Sim. Ela disse uma verdade biológica e virou alvo de processos. Teve de se exilar. Isso mostra a tendência canibalizadora dentro da própria esquerda. O autor Bruce Bawer já escreveu sobre esse assunto no livro The Victims’ Revolution, ao mostrar como grupos identitários passam a se atacar mutuamente.
E a discussão atual sobre regular redes sociais?
O Brasil tem vocação para regular tudo, o que atrapalha processos criativos. Existe uma fúria regulatória. E uma cultura contenciosa: todo mundo quer processar todo mundo. Isso não vem só do governo, é mais amplo.

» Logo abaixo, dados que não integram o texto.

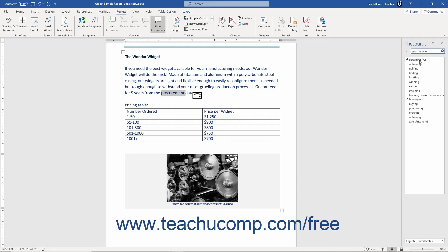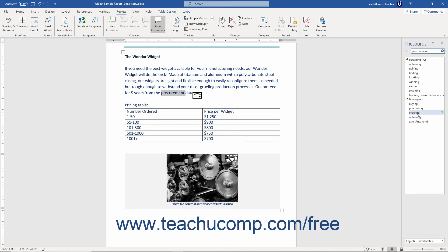Within the Thesaurus pane, a list of available replacement words appears in a box. You can scroll through the box to view the list of synonyms. To use a word in the list, right-click the word, and then choose the Insert command to replace the selected word in your document if you selected a word first. Otherwise, you can choose the Copy function in this menu to add the synonym to the clipboard to use later.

No programa Conversa com Augusto Nunes, o filósofo Luiz Felipe Pondé revisitou sua trajetória e compartilhou reflexões sobre filosofia, religião, política e cultura. Formado em Filosofia pela USP, doutor em Paris e pós-doutor em Tel-Aviv, Pondé contou como deixou a medicina no quinto ano, atraído pela psicanálise e pela leitura de Sigmund Freud. Tornou-se professor da FAAP e da PUC-SP, colunista do jornal Folha de S. Paulo e comentarista da TV Cultura.
Pondé definiu a filosofia como a tradição que nasceu na Grécia para explicar o mundo sem recorrer à religião. Para o professor, ser filósofo exige capacidade de espanto diante da vida e disciplina intensa de leitura. Inspirado por Paulo Francis e lapidado no jornalismo, aprendeu a escrever de forma clara e provocativa: “No jornalismo, você precisa lembrar que está escrevendo para alguém que vai ler”.
Sobre a felicidade, ponderou que não se trata de um estado constante, mas de momentos inesperados — seja no trabalho, no casamento ou na relação com os filhos. Quanto à religião, define-se como “ateu não praticante”, embora tenha se especializado em filosofia da religião.
Crítico do politicamente correto, disse que no Brasil a cultura woke se transformou em “juridicamente correta”, com risco de censura e processos. Segundo Pondé, a coragem é a virtude essencial. E, na política, rejeita a ideia moderna de progresso: prefere a visão dos antigos, segundo a qual a função da política é apenas evitar que o mundo piore.